This is the whole goal of our financial restructuring: to pay off our bills. Essentially, what we're using is called a debt snowball. It starts small and harmless, but as it rolls along, it gains size and momentum, and eventually, it knocks a huge hole in your bills.

How does it work? First, list all your bills from smallest to largest. Unless there's some compelling reason to change the order (like our bill that's still charging us late fees), you're going to pay the smallest one off first. (Many people advocate listing them in order of interest rate, and attacking the highest interest rate first, for the most savings. I think the psychological advantage of having paid off a bill is important). List the current minimum payment on those bills. Unless you are having to survive on ketchup packets scrounged from McDonald's to make those payments, that's the least you will ever pay on these bills until they're paid off.

Now it's easier if I just use an example. Let's say that Suzy Q has three credit cards, A, B, and C. The minimum payments are as follows:

Bill
Monthly Payment
A
$50
B
$60
C
$70

Suzy has $100 extra to pay on her bills each month. She pays all of it on Bill A. In a few months, Bill A is paid off. She now applies the minimum payment from Bill A to Bill B, like this:

Bill
Monthly Payment
A
$0 (paid off!)
B
$110
C
$70

She puts all of that extra money on Bill B, as well, so she's paying over $200 a month on it. That means that it gets paid off fairly quickly. Now she turns her attention to Bill C:

Bill
Monthly Payment
A
$0 (paid off!)
B
$0 (paid off!)
C
$180

With at least $180, and frequently as much as $300, being paid on Bill C, it's paid off in no time. That's one of the reasons I like starting with a small bill first--the first bill will frequently take longer to pay, and it's easy to get discouraged.

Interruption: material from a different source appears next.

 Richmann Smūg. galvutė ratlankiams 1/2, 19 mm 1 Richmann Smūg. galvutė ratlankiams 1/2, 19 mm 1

We're modifying the snowball a little bit to make it work better for our particular needs. First, we're paying off a bill from a creditor who doesn't like working with Genus. After that, we're going to pay Desi's car off early. We won't be using that money for the snowball; we'll be saving it for a down payment on the new car she'll need soon. Then we're going to pay off my car in the same way; it's new, but I put a lot of miles on it, and the sooner I start saving for a down payment, the better shape we'll be in when we have to replace it.

After that, we'll start working a straightforward debt snowball. We think it'll take us 18 months to 2 years to get there, but meanwhile, our bills are still going down. And when we get there, we'll own two cars outright and have a decent down payment on their replacements. (I'd like to be able to pay cash for the next cars, but it's unlikely. Maybe the next time.)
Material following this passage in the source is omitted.